Neisseria gonorrhoeae (NG) is one of the most common bacterial sexually transmitted infections (STIs) [1]. Its high incidence and its increasing resistance to antibiotic therapy is a cause for major concern [1,2]. Surveillance of NG is an important public health method to monitor NG transmission and resistance [1,3]. Therefore, multiple surveillance programs have been initiated in Europe to monitor the transmission and antimicrobial resistance of NG [3,4,5]. However, the currently available typing methods used in these surveillance programs rely on culturing [6,7,8]. Relying on culturing has major drawbacks. First, not all countries and laboratories perform culturing for NG. Instead, its diagnosis is based on nucleic acid amplification tests (NAAT). This is in line with current recommendations to use NAAT for the diagnosis of NG infections [9]. Second, when culturing of NG is performed, it frequently fails due to various factors, such as demanding nutritional and environmental growth requirements or commensal flora [9]. These factors resulted in only 37.8% of NG cases being culture-confirmed in the Netherlands in 2020 [10]. As culture-dependent surveillance can only be applied on a subset of all samples, there is a possibility of missing outbreaks in the population and the spread of STs potentially associated with resistance.

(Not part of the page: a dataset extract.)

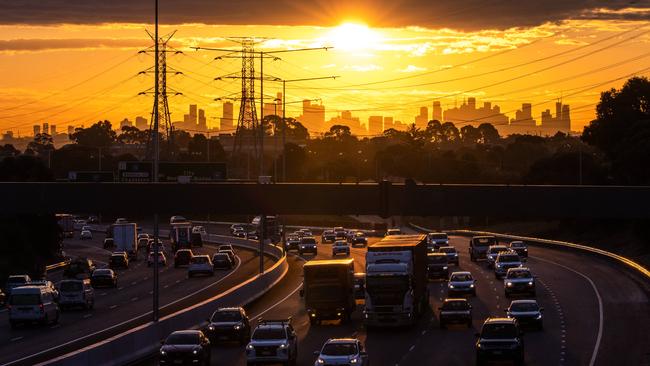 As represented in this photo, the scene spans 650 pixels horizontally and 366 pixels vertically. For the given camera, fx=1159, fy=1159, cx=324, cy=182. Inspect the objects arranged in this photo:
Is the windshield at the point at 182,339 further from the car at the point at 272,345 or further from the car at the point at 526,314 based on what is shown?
the car at the point at 526,314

Surveillance using culture-independent typing methods could vastly improve current culture-dependent surveillance. By not relying on cultures, genetic surveillance could yield a more complete view of circulating STs due to the increased typing rate compared to culture-dependent surveillance. Additionally, theoretically, molecular techniques could detect some STs that might be more difficult to culture due to specific nutritional needs or because they favour a specific anatomical site, such as the oropharynx, which has lower sensitivity in culturing [11,12,13]. In addition, culture-independent methods could potentially be more suitable for retrospective or longitudinal studies where the loss of culturability during storage could be an issue

Previously, we developed a culture-independent genotyping method based on NG multi-antigen sequence typing (NG-MAST). This method achieves higher typing rates than routine culture-based NG-MAST by eliminating the need for culture [14]. Using this method as a proxy for culture-independent surveillance, we aimed to investigate whether using a culture-independent genotyping method would improve current surveillance. For this, we investigated if the increased typing rate of the culture-independent approach would lead to more STs and genogroups as seen in culture-dependent surveillance. Furthermore, the typing rates per sample material were compared between strategies.

2. Results

2.1. Culture-Independent Typing of Clinical Samples

In total, 152/196 (77.0%) NG-positive NAAT samples were successfully genotyped using the culture-free NG-MAST method, including two possible mixed infections. Of the typed samples, 3/152 required touchdown PCR to be genotyped. This PCR protocol employs a higher initial annealing temperature that is progressively decreased, resulting in increased sensitivity and yield [15]. The samples that were unsuccessful (e.g., failed) did not yield an amplified product of either porB or tbpB or had ambiguous base calls in the sequence data that indicated mixed strain infections. Of the 44 samples that failed, 11 samples showed different porB or tbpB sequences in the same sample, indicating a possible mixed infection. The program used was not able to call the different sequences for the mixed infections. The other 33 samples failed to amplify a product in the initial PCR, possibly due to inhibitory factors in the clinical samples. Failure was related to the Cq value of the original NG NAAT testing as the failed samples showed a median Cq value of 28, and the typed samples showed a median Cq value of 27 (Mann–Whitney U-test, W = 2681.5, n = 196), p = 0.046 (Supplementary Figure S1). Possible mixed infections (n = 13), including two that were genotyped successfully, were mainly observed in urine samples (8/13), although they were also seen in all other sample sites (vaginal 1/13, anorectal 3/13, and 1/13 oropharyngeal). All anatomical sites showed good typing rates: urine 79/102 (77.5%), vaginal swab 19/22 (86.4%), anorectal swab 41/56 (73.2%) and oropharyngeal 13/16 (81.3%). These different anatomical sites showed no significant difference in typing rate (χ² (3, n = 196) = 1.71, p = 0.63) (

Table 1. Culture-free genotyping of Neisseria gonorrhoeae of culture-positive and culture-negative samples per sample material, including a comparison between culture-based and culture-free genotyping, the Netherlands, January 2017–September 2018 (n = 196).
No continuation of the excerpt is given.